Elliott Brack's Perspective

BRACK: Log book unfolds history of first county fire station

The Norcross station today. Photo via Gwinnett County Fire.

By Elliott Brack
Editor and Publisher, GwinnettForum

JUNE 27, 2025  |  It was in an old file cabinet along with many other papers, as I was clearing junk out. At first, the black plastic spiral bound lined paper document seemed of no value. But the title got my attention: 

         “1971 Log Book for Station #1 Gwinnett Co. Fire Department, Norcross, Georgia.”

Looking through the log, it was a day-by-day detail of what went on at the county’s first fire station, replacing the former Norcross Volunteer firefighters.  Included was a roll call of who was on duty, and a note (each day) that the new crew coming on duty made a “truck check out.”

Those who worked the first day (March 29, 1971) included Fire Chief Ray Mattison, Homer Gilstrap, Tom Griffin, Dick Howard and Deputy Chief Richard Garner. The second day, the firemen on duty were Deputy Chief Garner, Jeff Huff, David Roper and Ronald Earwood.

The county fire department came about since the new Western Electric plant at what was then Norcross Tucker Road and Interstate 85 needed fire protection. The county contracted with DeKalb County for this protection for  the first two years, while the county fire department was being formed.

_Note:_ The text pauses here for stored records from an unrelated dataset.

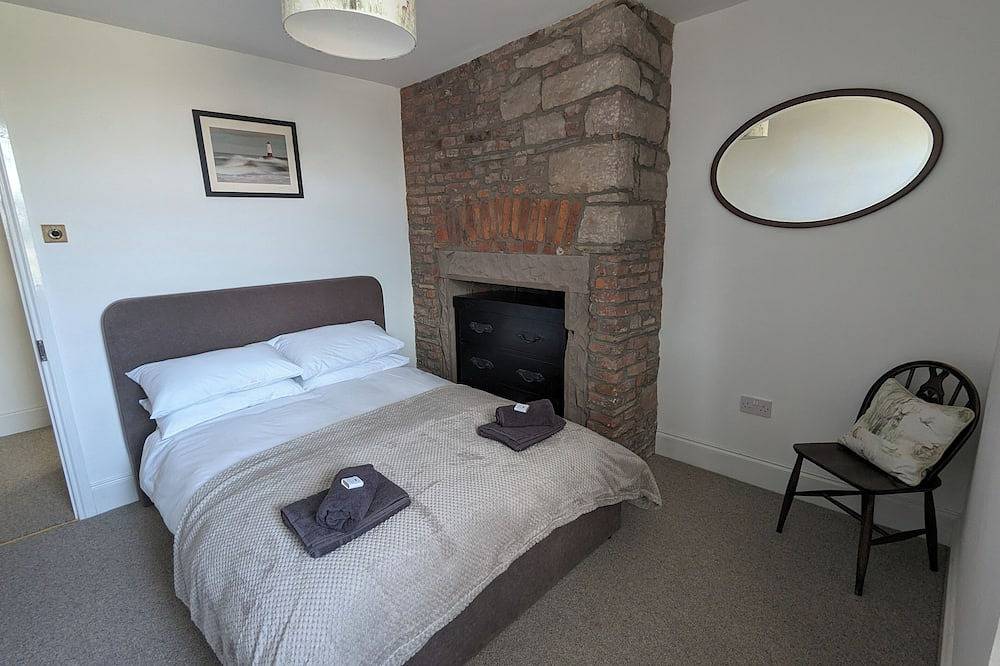 Coble Cottage. By the sea, family and dog friendly in Tweedmouth, Northumberland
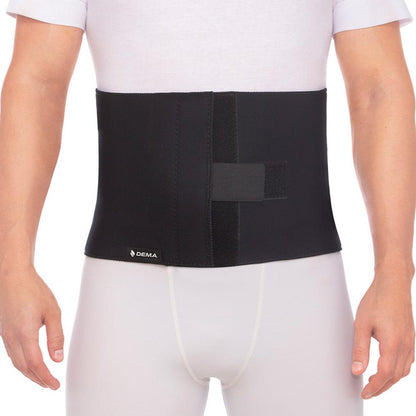 La *faja lumbar ballenada en neoprene* es un soporte de alta calidad diseñado para brindar comodidad y protección a la zona lumbar. Fabricada con material de neoprene, ofrece un ajuste firme y flexible que ayuda a aliviar el dolor y prevenir lesiones en la espalda.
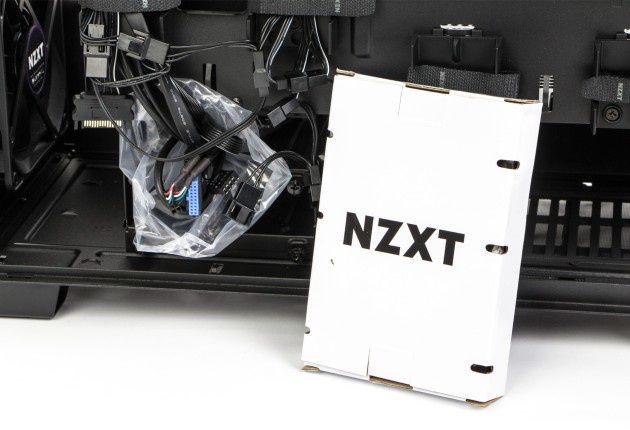 NZXT H700 akcesoria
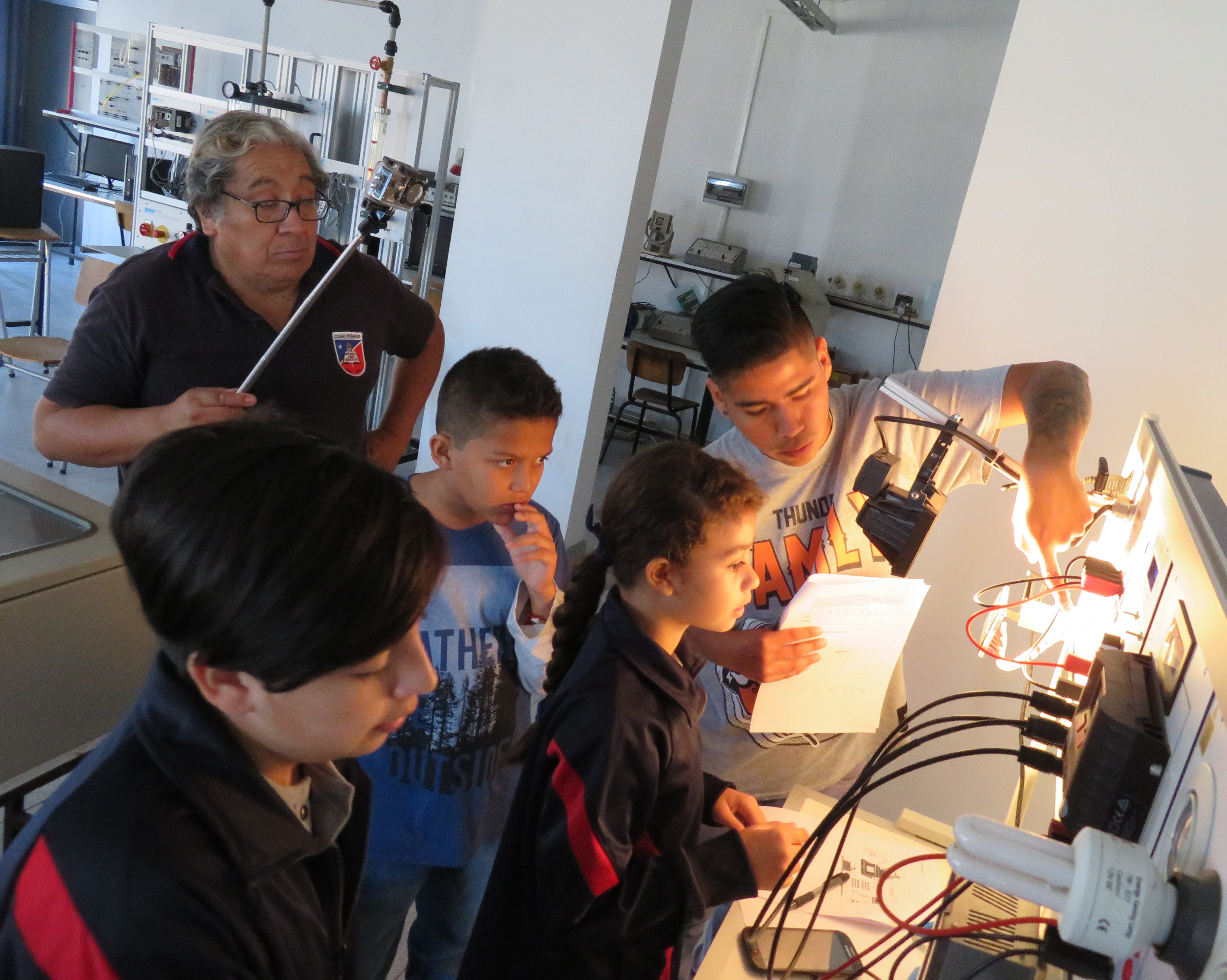 Compromiso docente: “Con la ciencia no va a haber divorcio ni separación”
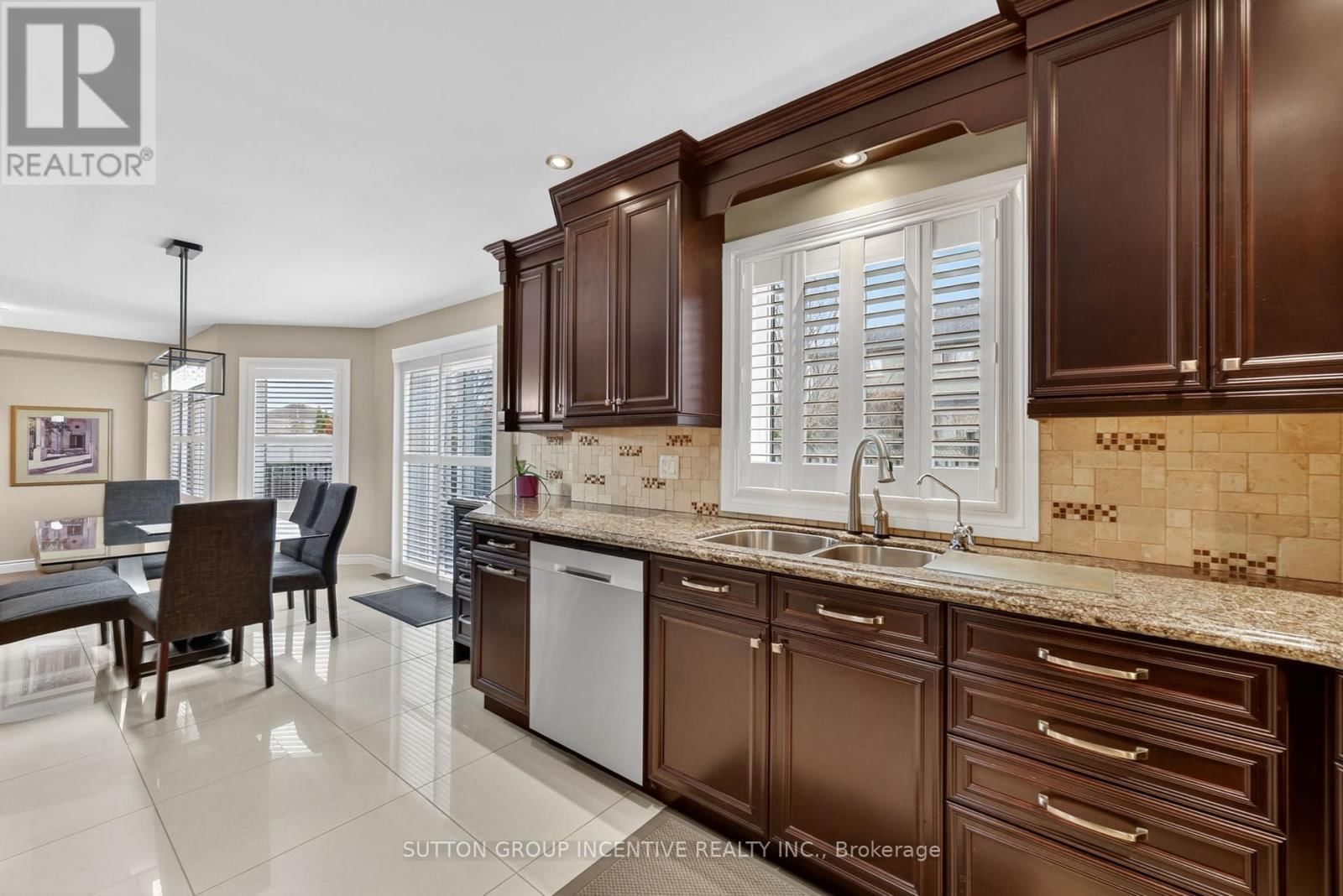 4 CHANTAL STREET Image 15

Former County Commissioner Ray Gunnin of Norcross wrote legislation to form the department, if approved by voters in the Pinckneyville precinct. He included a way how other county precincts could vote to join the district (without additional legislation).  Later that year, four other precincts joined and soon after others followed. The county had wall-to-wall fire protection by 1980.

That first day of the department,  there were no fire calls. The first visitor to the station was an Allstate insurance agent, Ken Morgan, to see if Edgewood North was included in the district. It was. The other visitor that day was Commissioner Gunnin, stopping by at 10 p.m.

The first fire call came on March 30, at 9 a.m. at 1000 South Buford Highway, where a liquid asphalt truck was on fire, which was extinguished.  On the return to the station, Garner and Roper “cleaned the truck.” Another call came at 1:57 p.m. for a grass fire on Goshen Springs Road. 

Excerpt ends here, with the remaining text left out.